··· RECORDS PROVIDED ···

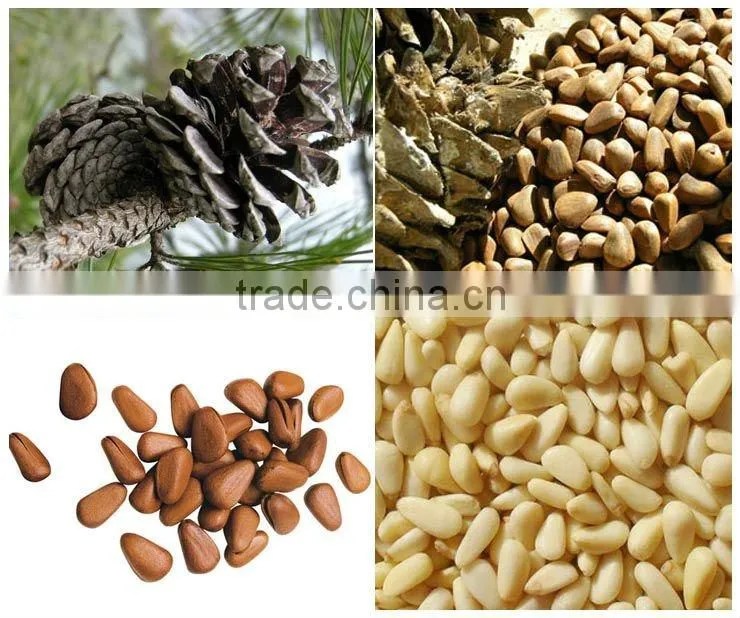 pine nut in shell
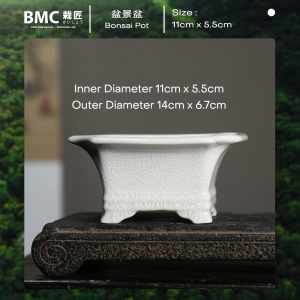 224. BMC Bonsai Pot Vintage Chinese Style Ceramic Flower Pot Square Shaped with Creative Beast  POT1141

···
··· RECORDS PROVIDED ···

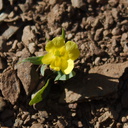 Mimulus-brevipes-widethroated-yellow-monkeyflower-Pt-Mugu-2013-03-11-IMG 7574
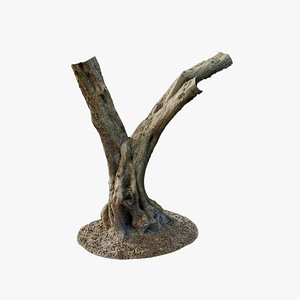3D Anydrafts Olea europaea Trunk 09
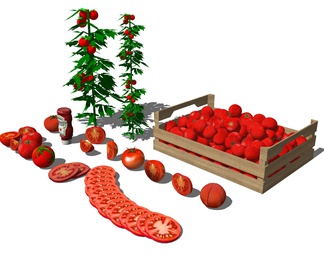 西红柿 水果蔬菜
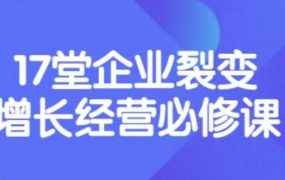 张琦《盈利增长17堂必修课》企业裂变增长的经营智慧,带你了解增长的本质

···
··· RECORDS PROVIDED ···

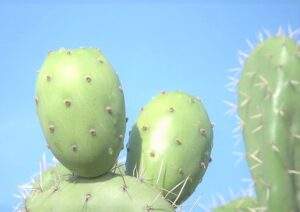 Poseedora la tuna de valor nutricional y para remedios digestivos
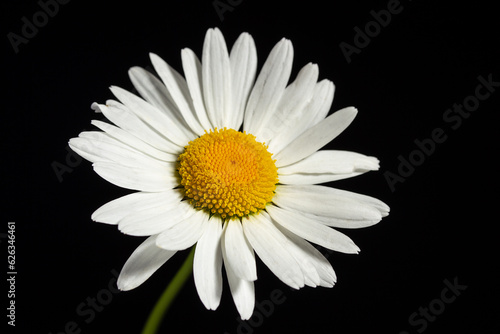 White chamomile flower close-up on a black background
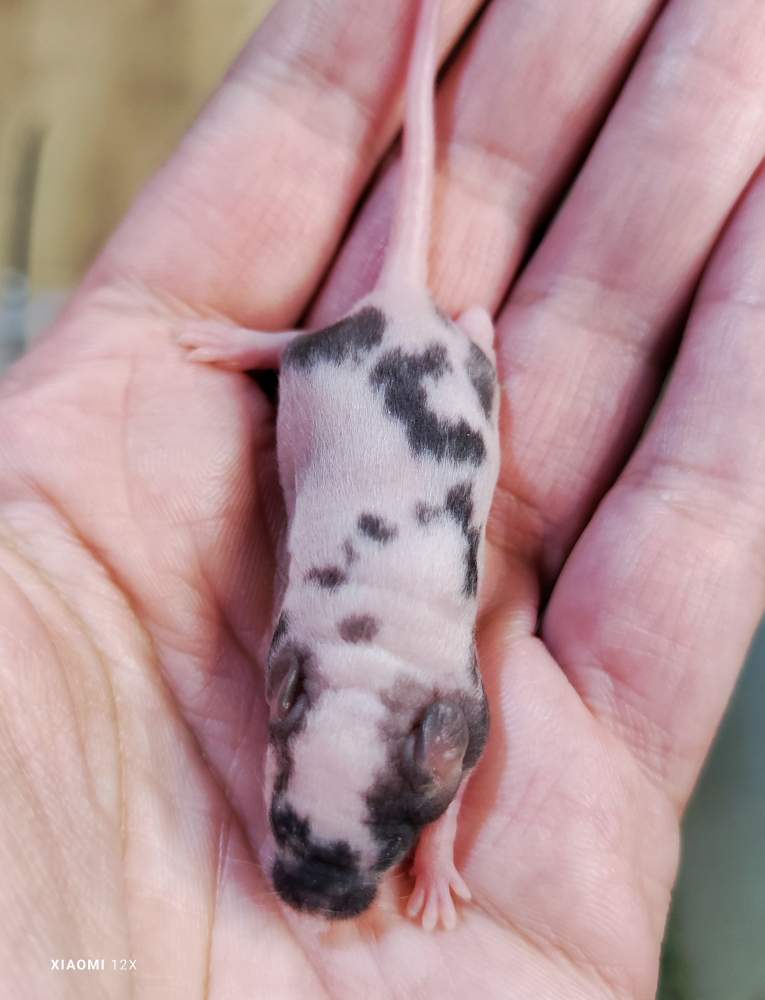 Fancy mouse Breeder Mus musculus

···

▸ TASK DIRECTIONS: From the records above, copy exactly the lines starting at the one with "Poseedora la tuna" and ending at the one with "Fancy mouse Breeder Mus musculus", and no others. Pictures stay out.

▸ RESULT OF THE TASK:
 Poseedora la tuna de valor nutricional y para remedios digestivos
 White chamomile flower close-up on a black background
 Fancy mouse Breeder Mus musculus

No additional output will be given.